New York Times bestselling author Tarryn Fisher delivers a pulse-pounding, fast-paced suspense novel that will leave you breathless. A thriller you won’t be able to put down!

Thursday’s husband, Seth, has two other wives. She’s never met them, and she doesn’t know anything about them. She agreed to this unusual arrangement because she’s so crazy about him.

But one day, she finds something. Something that tells a very different—and horrifying—story about the man she married.

What follows is one of the most twisted, shocking thrillers you’ll ever read.

Review:

I heard so much about this book and the amazing twists that I was eager to read it.

The writing was good and fast paced, though, even after a few days of letting it settle, I’m not sure if I liked this book or not.

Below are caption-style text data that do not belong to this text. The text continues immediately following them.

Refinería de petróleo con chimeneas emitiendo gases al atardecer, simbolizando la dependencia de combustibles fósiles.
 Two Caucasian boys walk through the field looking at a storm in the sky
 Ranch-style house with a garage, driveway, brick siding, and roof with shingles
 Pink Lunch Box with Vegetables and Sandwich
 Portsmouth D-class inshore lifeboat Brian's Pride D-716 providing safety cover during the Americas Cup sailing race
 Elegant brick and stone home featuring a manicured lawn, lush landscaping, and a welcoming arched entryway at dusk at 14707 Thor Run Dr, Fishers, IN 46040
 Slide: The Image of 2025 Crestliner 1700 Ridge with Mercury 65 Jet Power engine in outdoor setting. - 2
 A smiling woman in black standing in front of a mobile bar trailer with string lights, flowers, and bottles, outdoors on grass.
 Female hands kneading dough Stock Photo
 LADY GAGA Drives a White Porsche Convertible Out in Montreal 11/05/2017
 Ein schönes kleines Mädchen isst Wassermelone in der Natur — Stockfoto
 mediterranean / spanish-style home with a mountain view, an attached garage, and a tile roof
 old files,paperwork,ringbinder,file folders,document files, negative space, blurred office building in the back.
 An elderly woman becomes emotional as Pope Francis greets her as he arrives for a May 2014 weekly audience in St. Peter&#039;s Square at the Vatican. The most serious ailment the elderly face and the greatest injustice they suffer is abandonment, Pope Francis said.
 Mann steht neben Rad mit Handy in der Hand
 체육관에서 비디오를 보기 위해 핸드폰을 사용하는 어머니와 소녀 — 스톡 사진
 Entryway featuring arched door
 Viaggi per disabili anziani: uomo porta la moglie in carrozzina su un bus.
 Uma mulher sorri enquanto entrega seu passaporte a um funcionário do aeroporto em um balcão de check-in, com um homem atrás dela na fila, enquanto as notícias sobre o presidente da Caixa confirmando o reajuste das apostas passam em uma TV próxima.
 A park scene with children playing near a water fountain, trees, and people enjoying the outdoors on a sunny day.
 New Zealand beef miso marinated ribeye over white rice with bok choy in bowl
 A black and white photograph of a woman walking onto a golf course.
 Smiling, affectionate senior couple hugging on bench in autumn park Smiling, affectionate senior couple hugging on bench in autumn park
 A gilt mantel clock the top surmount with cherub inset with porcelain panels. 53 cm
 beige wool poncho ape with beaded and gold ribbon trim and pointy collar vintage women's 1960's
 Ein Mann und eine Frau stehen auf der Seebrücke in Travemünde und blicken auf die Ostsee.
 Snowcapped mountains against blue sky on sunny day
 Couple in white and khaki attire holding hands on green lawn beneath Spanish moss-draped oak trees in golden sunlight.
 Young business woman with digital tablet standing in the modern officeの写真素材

It was difficult to read about a woman who had given her life over so completely to a man — she had agreed to a polygamous marriage but existed only for the 2 days a week her husband stayed at her place. Because of the situation, she has isolated herself from friends and family, and does everything she can to keep her husband’s attentions.

It is hard to take this.

And, if it weren’t for the author interview at the end of the book explaining how this book is about exploring the patriarchy that women are spoonfed, I think I would have a very different view of it. Looking at The Wives from this point of view redeems it.

There are some interesting twists and it is fascinating to see how a woman can rationalize this situation, especially when it is not what she wants.